ACTION ITEM: Output, exactly as written, the lines below from the one that has "Safety Sign, 10" through the one that has "Quyosh sistemasi va sayyoralar (4-sinf) 3"; nothing else, and no pictures.

LISTED RECORDS:
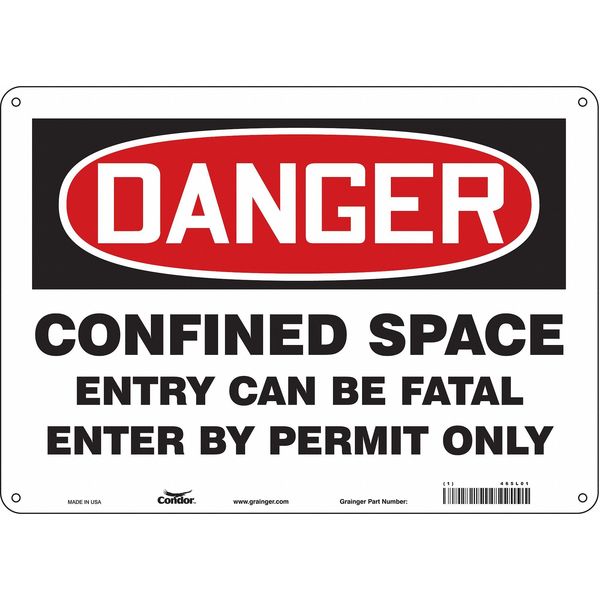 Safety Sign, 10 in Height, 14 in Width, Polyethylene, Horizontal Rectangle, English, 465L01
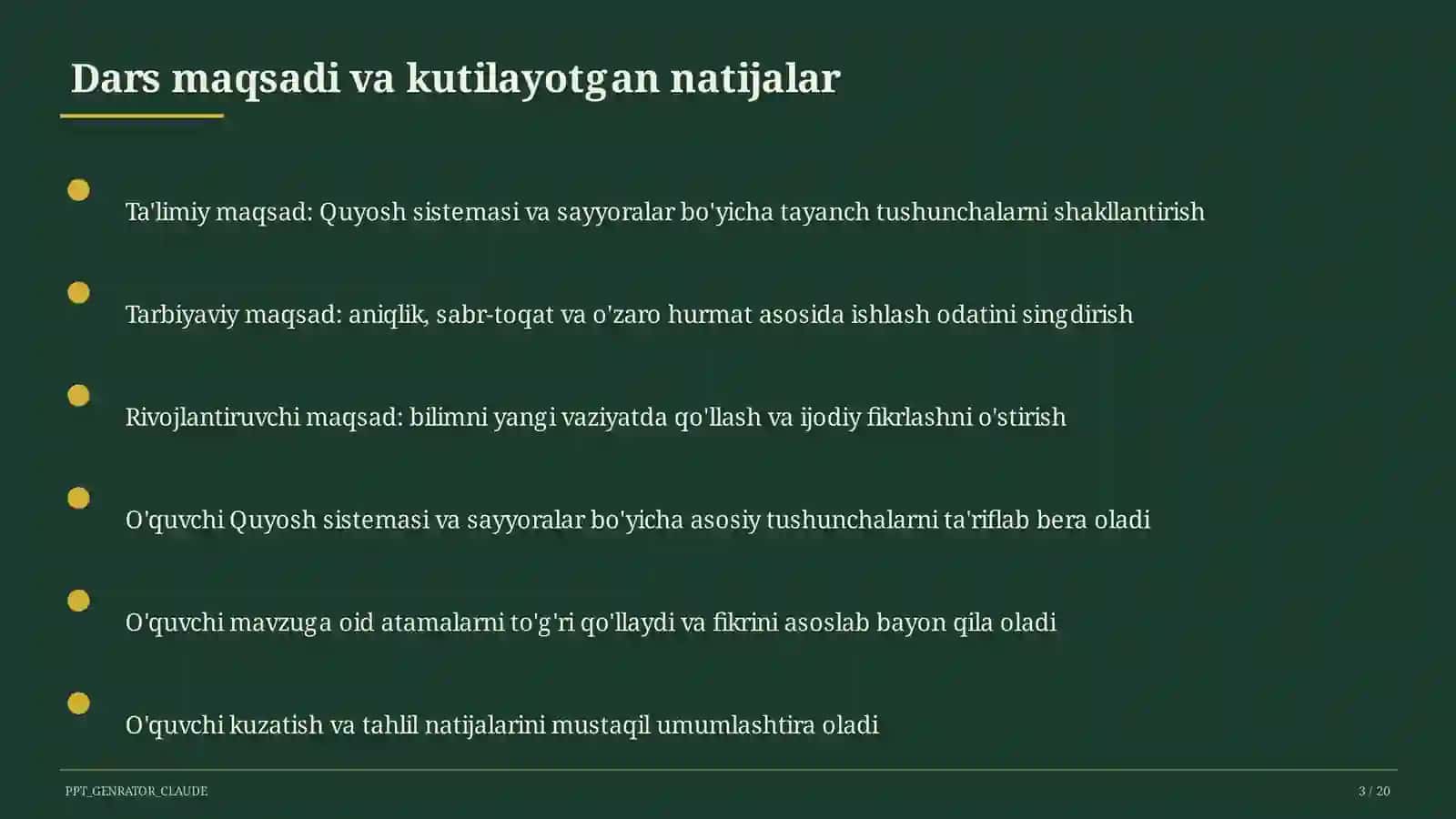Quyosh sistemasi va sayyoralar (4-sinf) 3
==
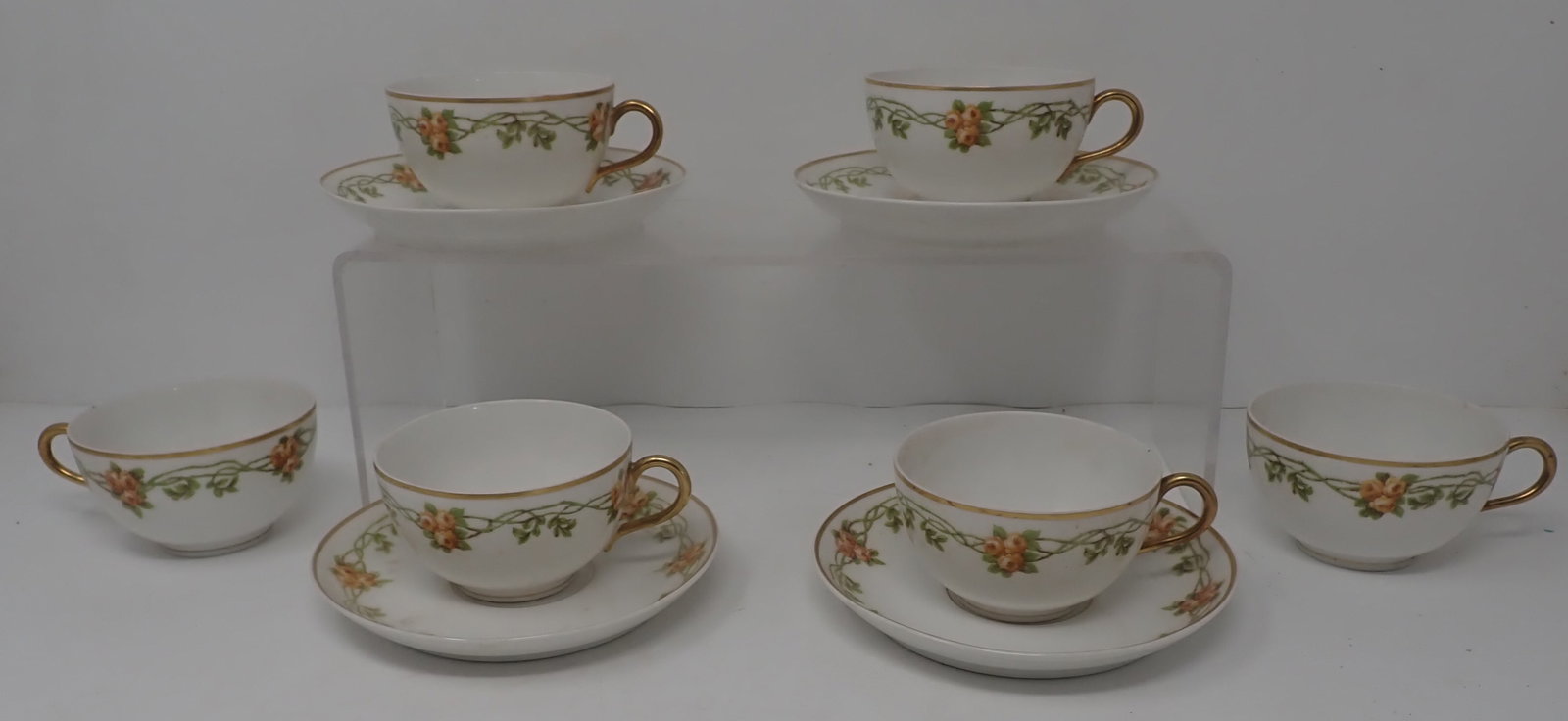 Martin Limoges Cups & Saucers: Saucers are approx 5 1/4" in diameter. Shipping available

RESULT:
 Safety Sign, 10 in Height, 14 in Width, Polyethylene, Horizontal Rectangle, English, 465L01
Quyosh sistemasi va sayyoralar (4-sinf) 3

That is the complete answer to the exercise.